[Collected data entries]
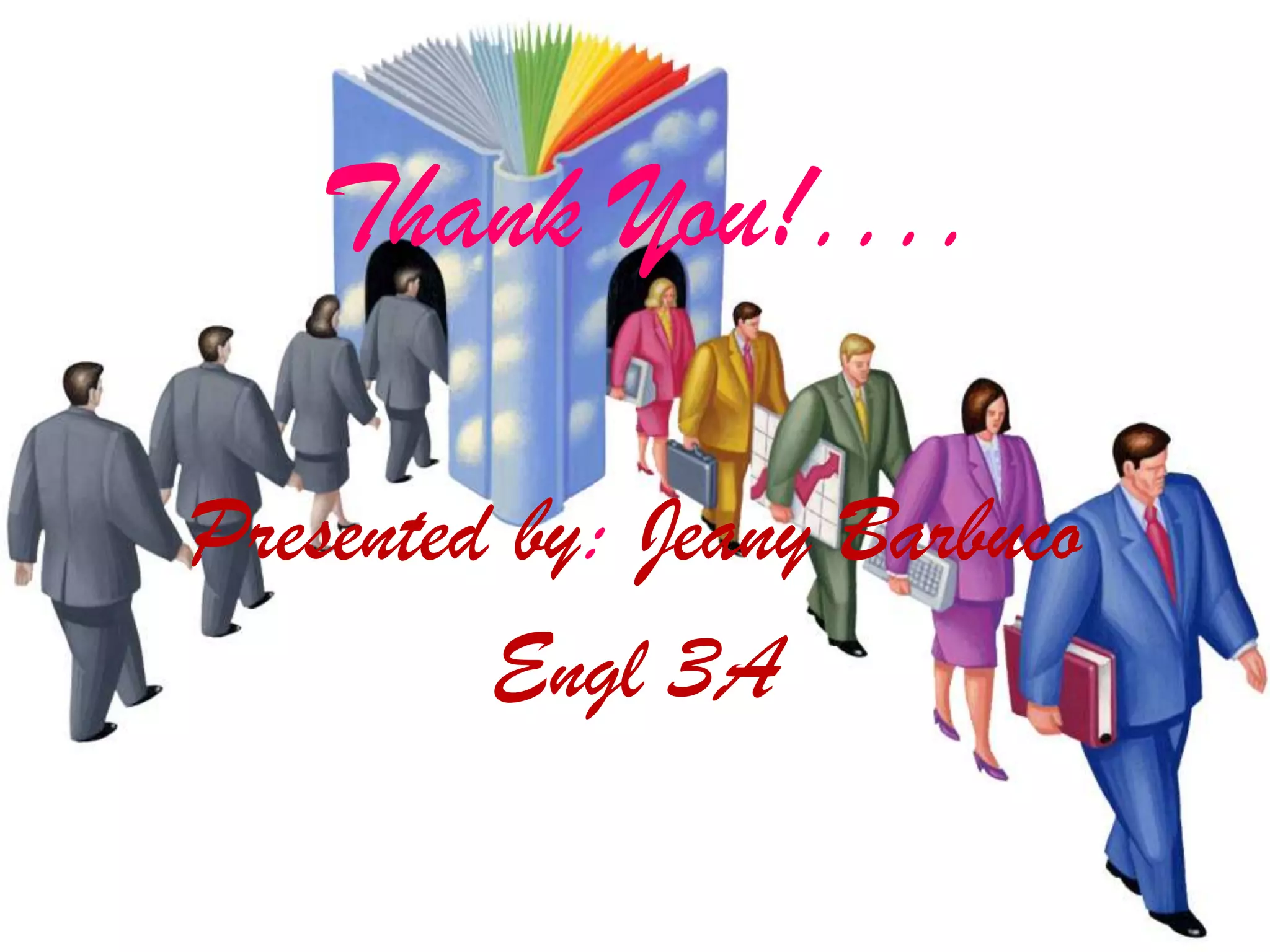 Thank You!....

Presented by: Jeany Barbuco
         Engl 3A
 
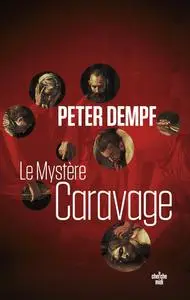 Peter Dempf, "Le mystère Caravage"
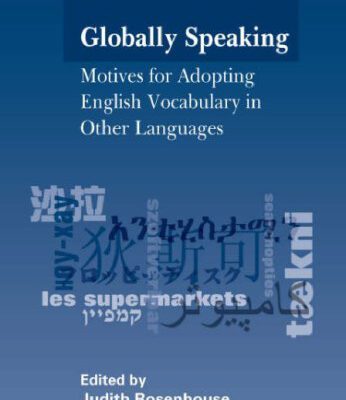 خرید و دانلود نسخه کامل کتاب Globally Speaking: Motives for Adopting English Vocabulary in Other Languages (Multilingual Matters)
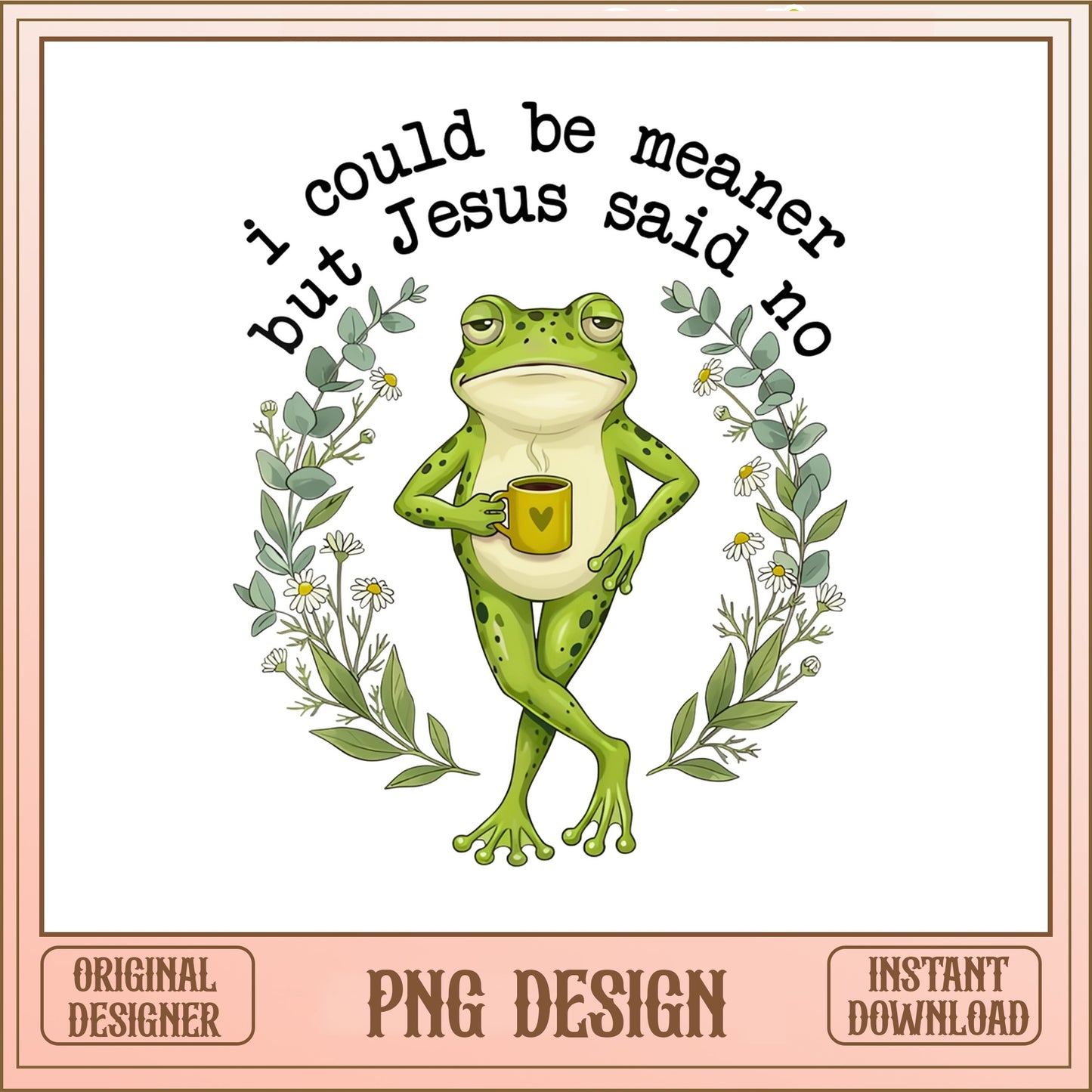 I Could Be Meaner But Jesus Said No PNG, Funny Frog PNG, Christian PNG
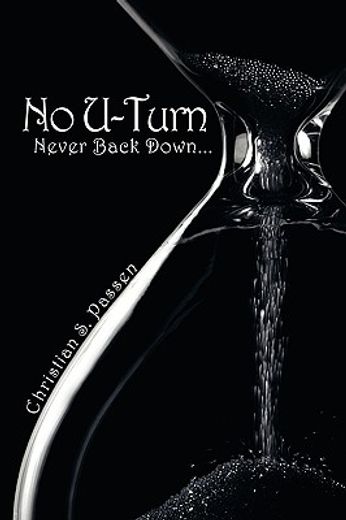 no u-turn: never back down...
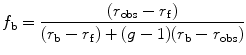 
$$ {f_{\mathrm{ b}}}=\frac{{({r_{\mathrm{ obs}}}-{r_{\mathrm{ f}}})}}{{({r_{\mathrm{ b}}}-{r_{\mathrm{ f}}})+(g-1)({r_{\mathrm{ b}}}-{r_{\mathrm{ obs}}})}} $$
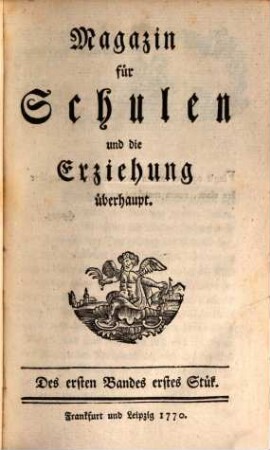 Magazin für Schulen und die Erziehung überhaupt. 1. 1766/67 (1767)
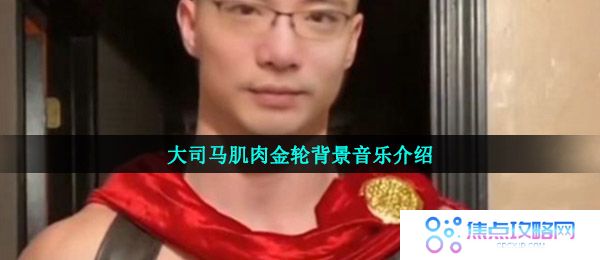 肌肉金轮bgm是什么-大司马肌肉金轮全部背景音乐分享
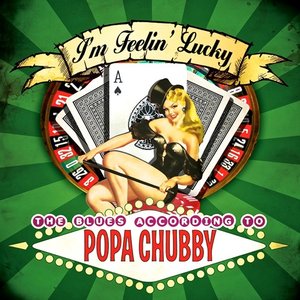 I'm Feelin' Lucky - The Blues According To Popa Chubby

== What the task requires ==
Give every entry again word for word; no images belong in the copy.

== Response ==
 Thank You!....

Presented by: Jeany Barbuco
         Engl 3A
 
 Peter Dempf, "Le mystère Caravage"
 خرید و دانلود نسخه کامل کتاب Globally Speaking: Motives for Adopting English Vocabulary in Other Languages (Multilingual Matters)
 I Could Be Meaner But Jesus Said No PNG, Funny Frog PNG, Christian PNG
 no u-turn: never back down...
$$ {f_{\mathrm{ b}}}=\frac{{({r_{\mathrm{ obs}}}-{r_{\mathrm{ f}}})}}{{({r_{\mathrm{ b}}}-{r_{\mathrm{ f}}})+(g-1)({r_{\mathrm{ b}}}-{r_{\mathrm{ obs}}})}} $$
 Magazin für Schulen und die Erziehung überhaupt. 1. 1766/67 (1767)
 肌肉金轮bgm是什么-大司马肌肉金轮全部背景音乐分享
 I'm Feelin' Lucky - The Blues According To Popa Chubby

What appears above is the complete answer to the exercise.